Page MenuHomeSoftware Heritage

Find a way to properly open the kafka brokers to the internet
Started, Work in Progress, HighPublic


The kafka brokers need to be accessible from the internet, so our mirrors can subscribe to the topics and process messages.

We need to figure out:

  • frontend/proxying
  • TLS
  • authentication
  • authorization

For reference:

There's a strong chance that the journal code will need to be adapted to allow passing the proper settings to the kafka libraries.

Event Timeline

olasd triaged this task as High priority.Jun 18 2019, 4:02 PM
olasd created this task.
olasd changed the task status from Open to Work in Progress.Aug 23 2019, 6:45 PM

A new Kafka cluster has been spun up on azure virtual machines, with 6 machines each with 8TB of storage available.

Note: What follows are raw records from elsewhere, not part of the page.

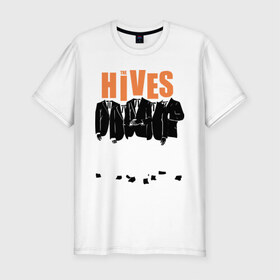 Мужская футболка премиум с принтом The Hives (пиджаки) в Тюмени, 92% хлопок, 8% лайкра | приталенный силуэт, круглый вырез ворота, длина до линии бедра, короткий рукав | kubana 2014 | the hives | альтернатива | кубана 2014 | музыка | рок | с группами | фестиваль
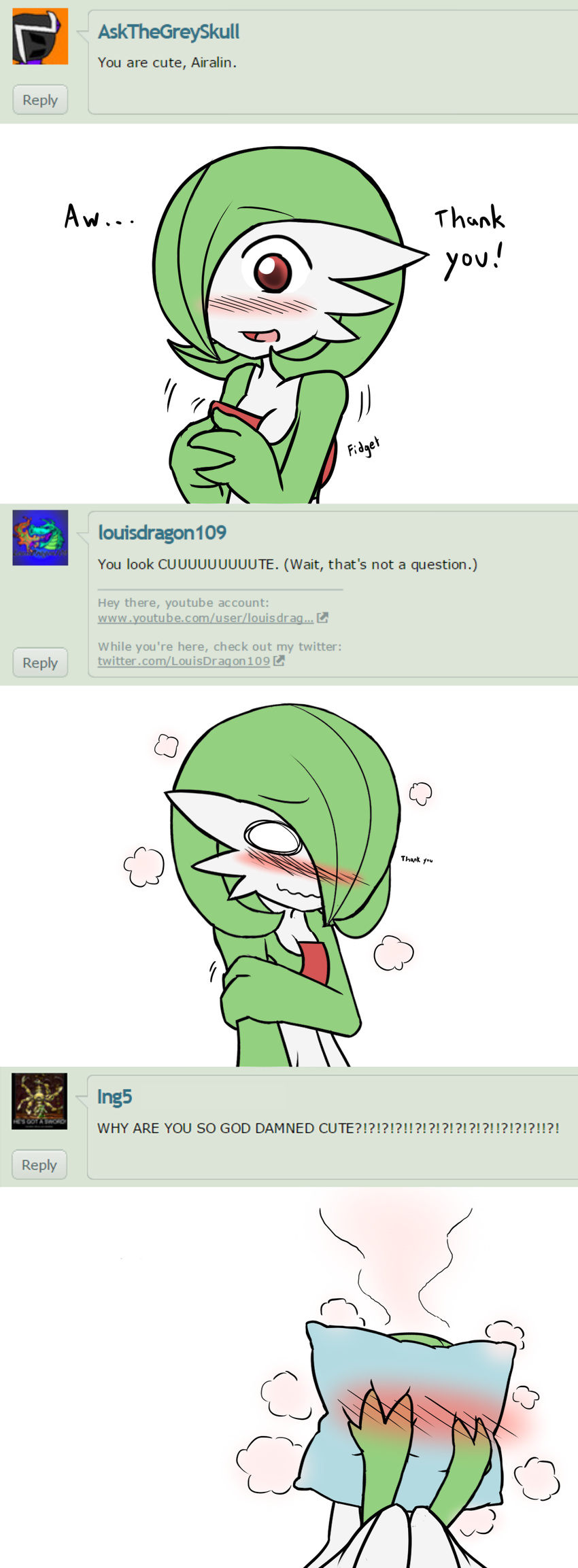 absurdres airalin_(mark_folks) blush choker comic commentary deviantart english gardevoir gen_3_pokemon highres long_image mark_folks o_o open_mouth pokemon pokemon_(creature) simple_background smile tall_image white_background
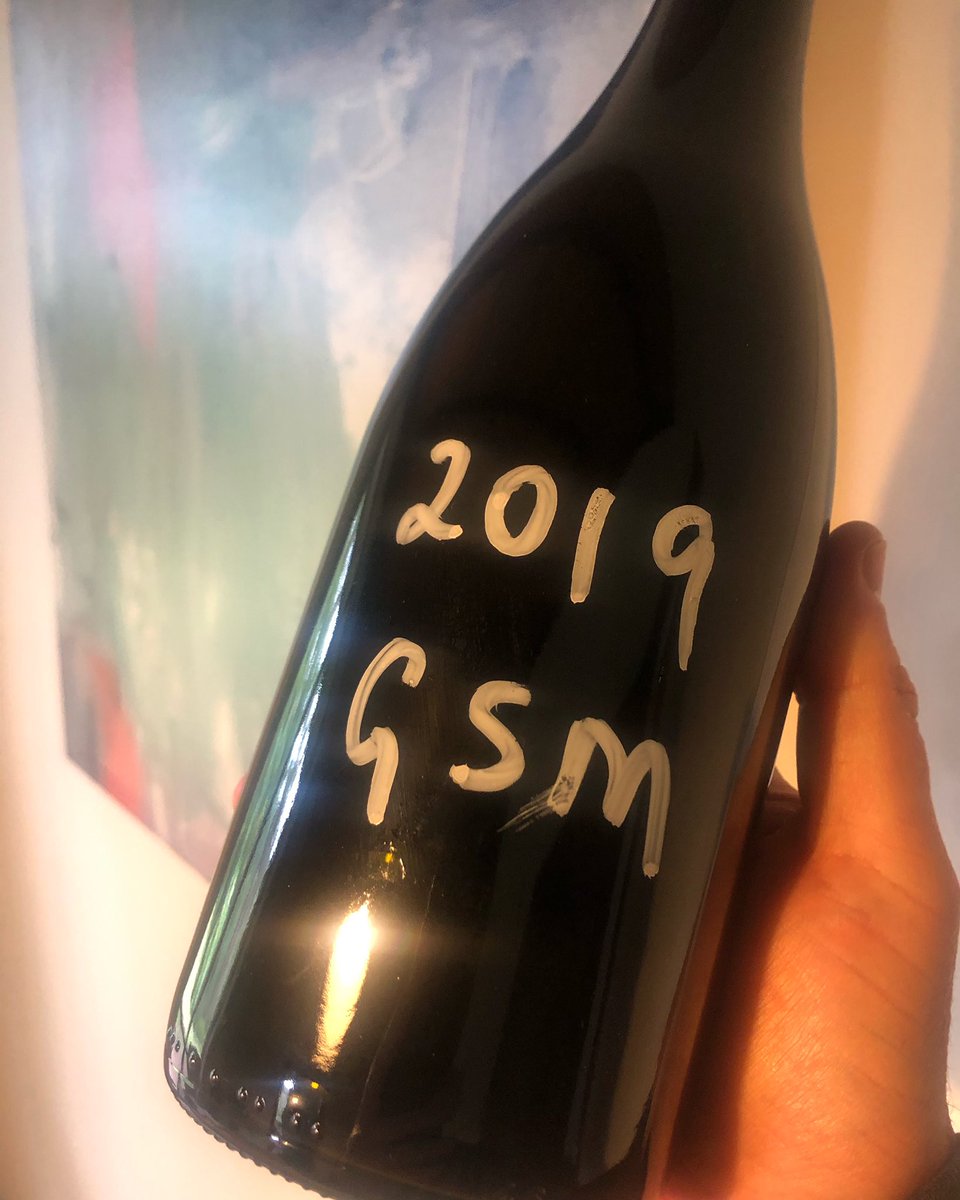 Sometimes packaging isn’t everything... this one’s from an old friend, their first GSM (even though they have make a heap of cool wines) and prior to labelling &amp; distribution... can’t wait to try this!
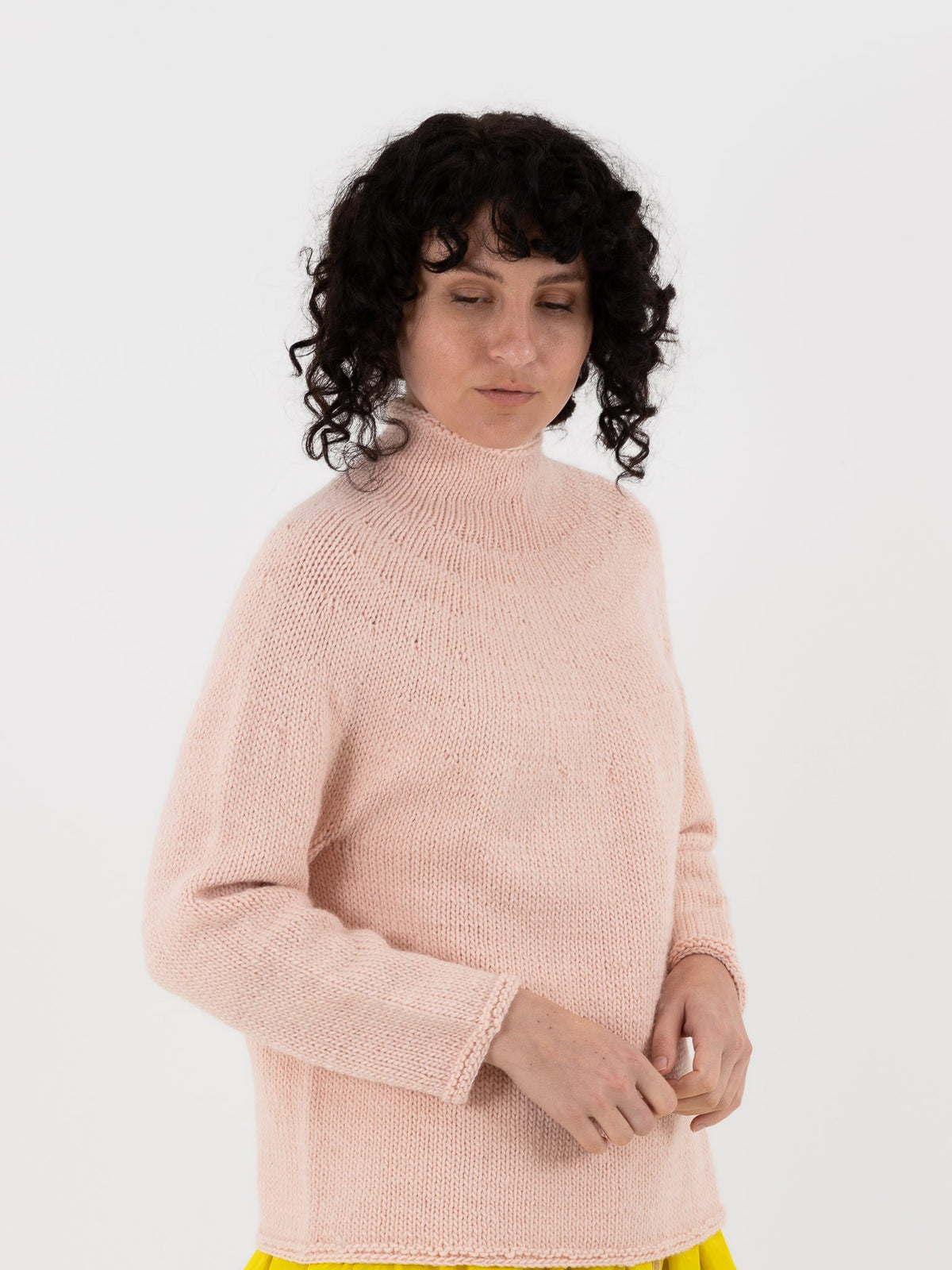 Nitto Cafe Da Manha Sweater in Baby Pink - NITTO at Worthwhile - shop SWEATER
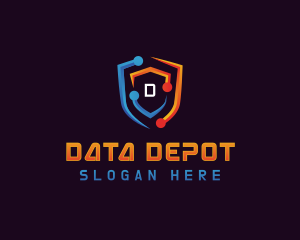 Cyber Shield Data logo design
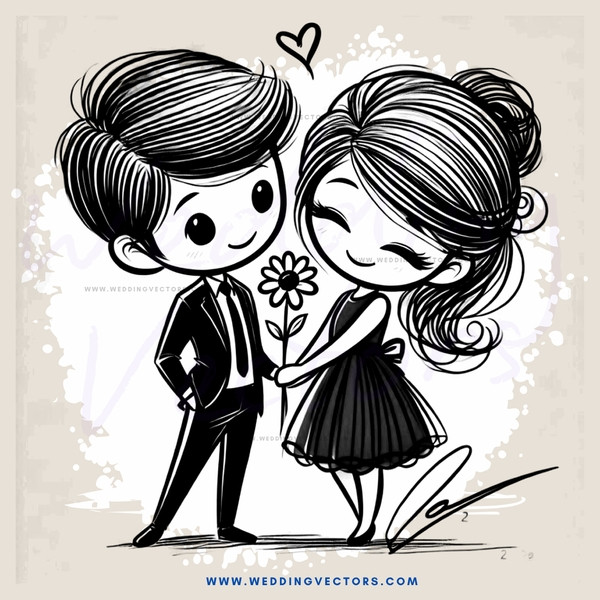 love story with flowers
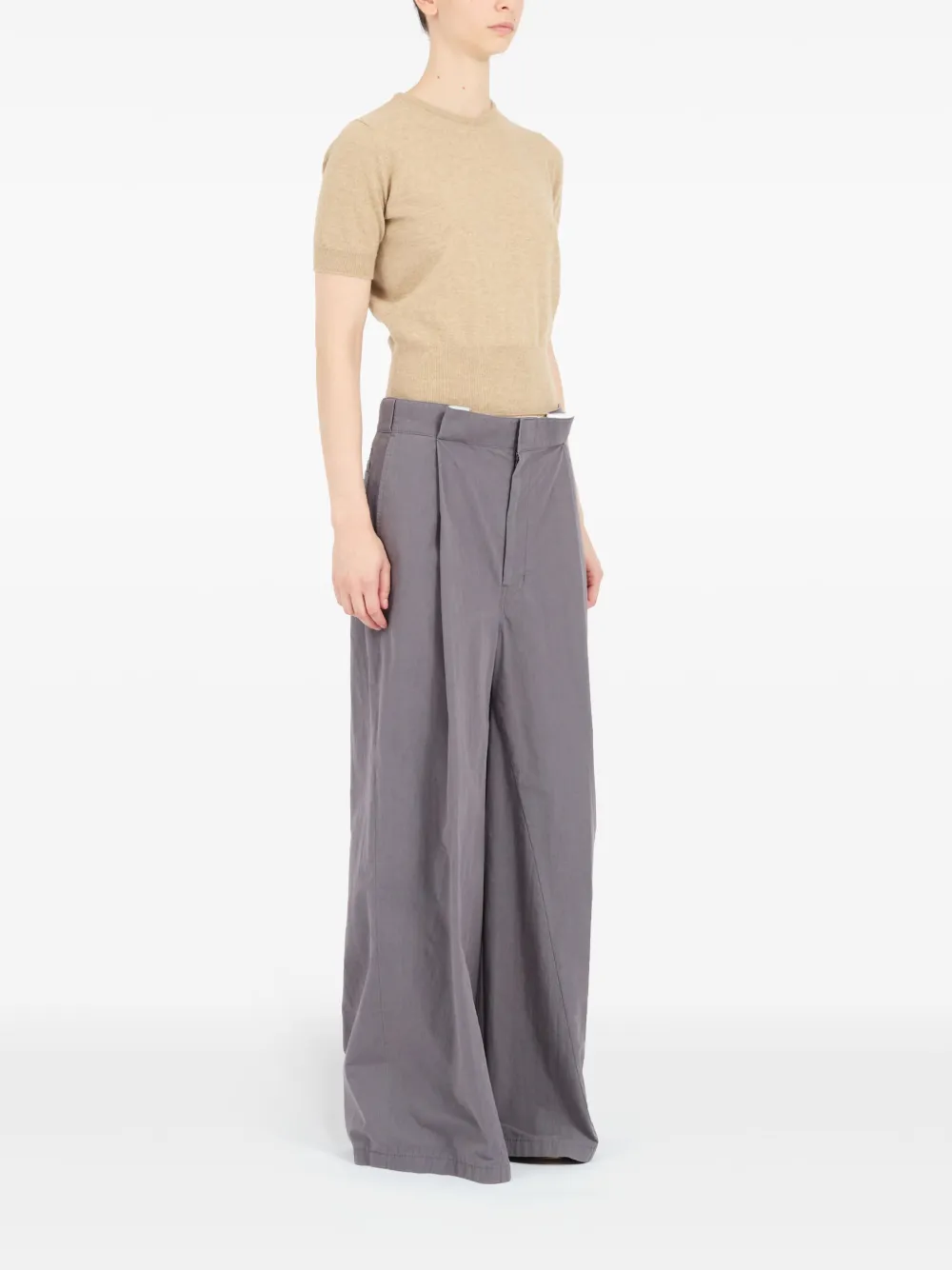 Maison Margiela Palazzo broek met stiksels Grijs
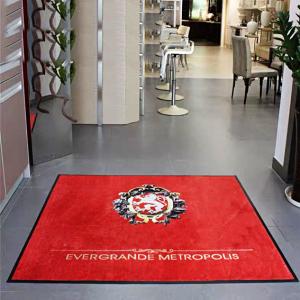 China Nylon Printed Commercial Entrance Mats Welcome Home Floor Mat 83*150cm on sale
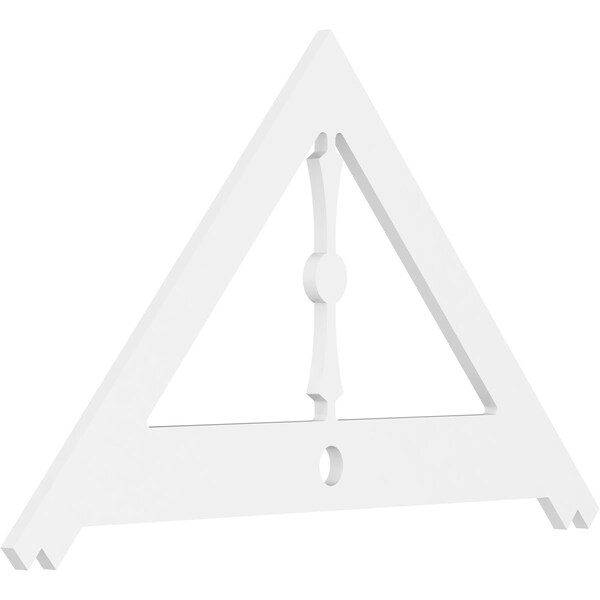Ekena Millwork Pitch Artisan Architectural Grade PVC Gable Pediment, 48"W x 28"H x 1"P (14/12) GPP048X028X100ART - main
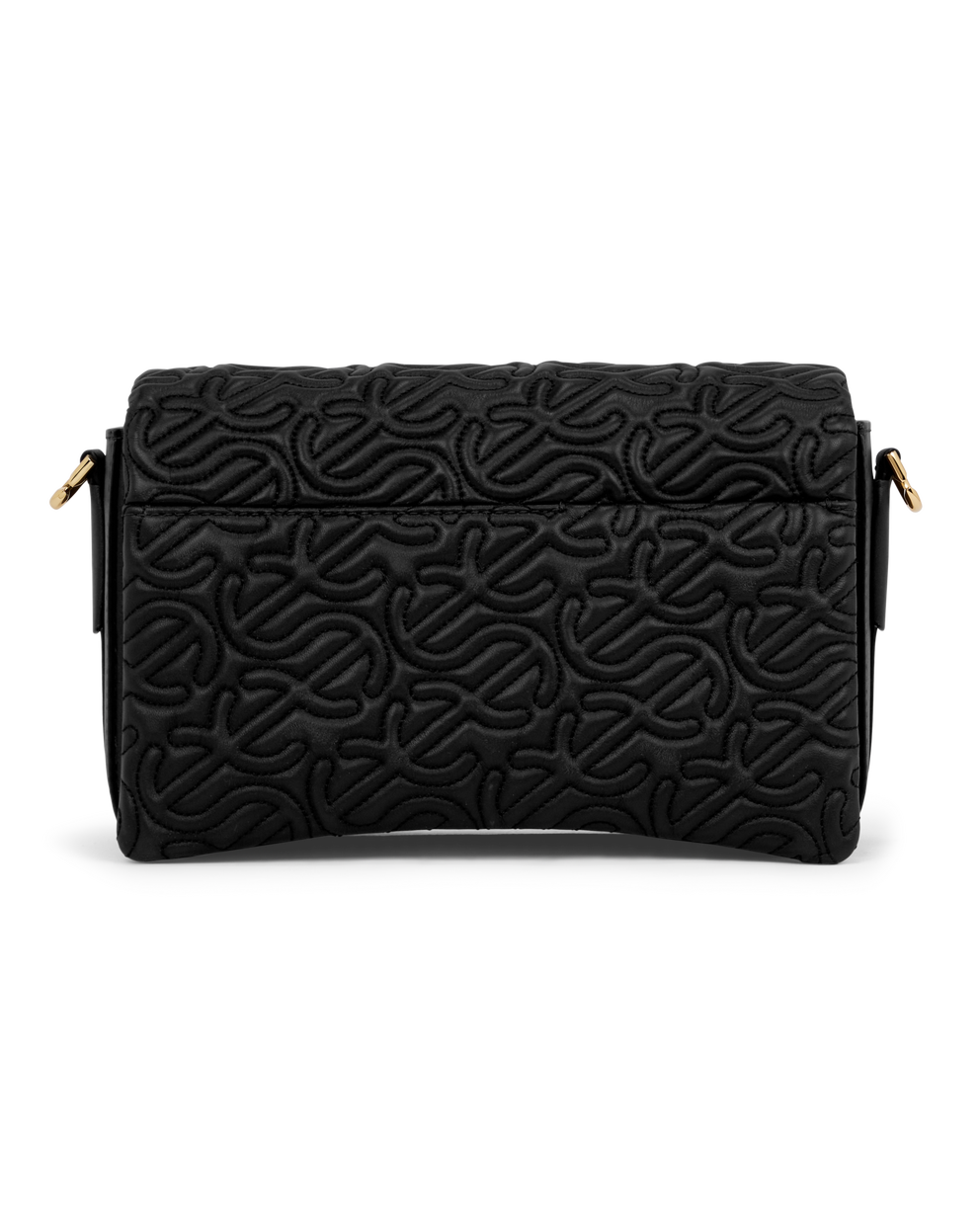 ECCO® Pinch Large Quilted Wave Leather Crossbody Bag - Black - Back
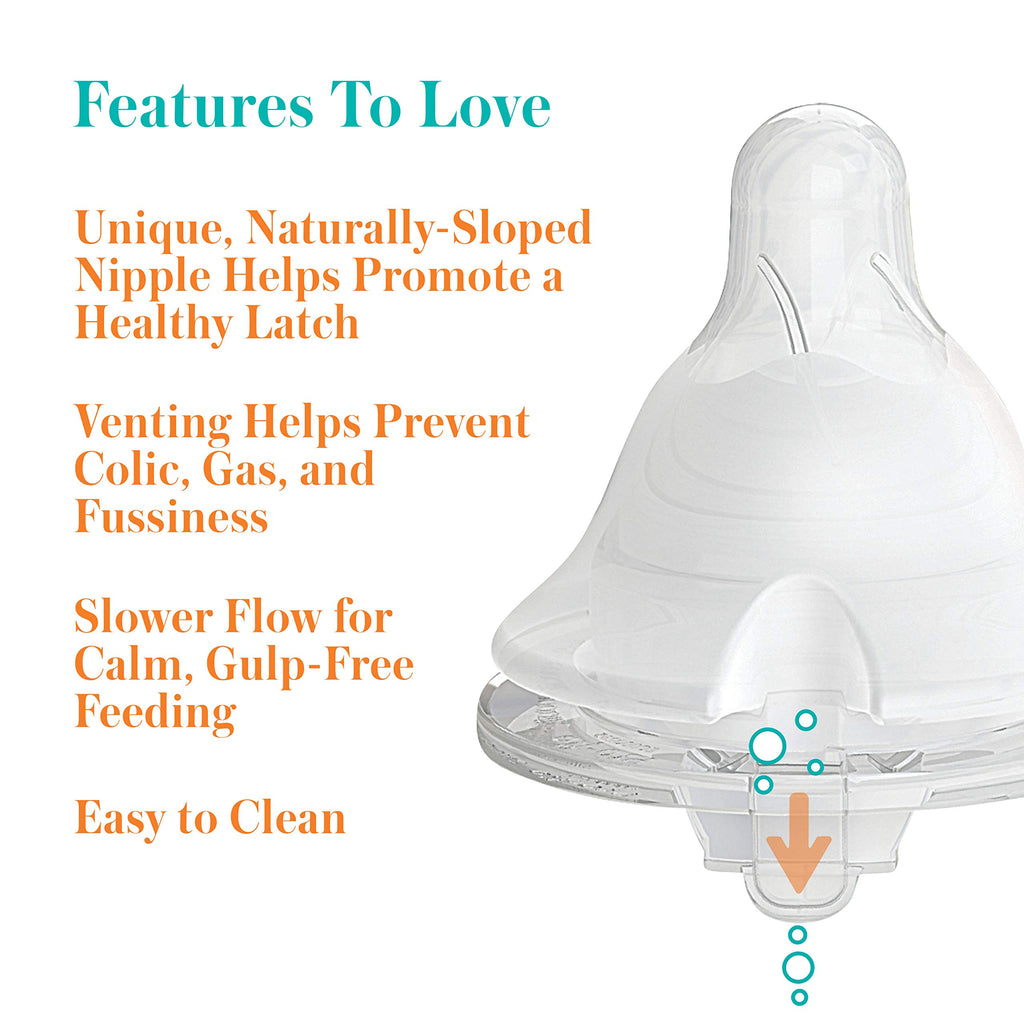 Evenflo Feeding Premium Proflo Venting Balance Plus Wide Neck Baby, Newborn and Infant Bottles - Developed by Pediatric Feeding Specialists - 5 Ounce (Pack of 6)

A Kafka Mirror Maker has been setup by hand on getty to pull the data from the cluster in Rocquencourt to the cluster on Azure (only on the content topic for now).

My working theory for now is to use the Rocquencourt cluster as a low-latency buffer in front of the Azure cluster.

The next step is to lock this cluster down with SASL authentication, and to give it public ip addresses and TLS setup so it can be opened to the internet.

olasd added a comment.Aug 26 2019, 8:57 AM

The content topic has fully replicated to the new cluster over the weekend.

I've now added replication for the other topics.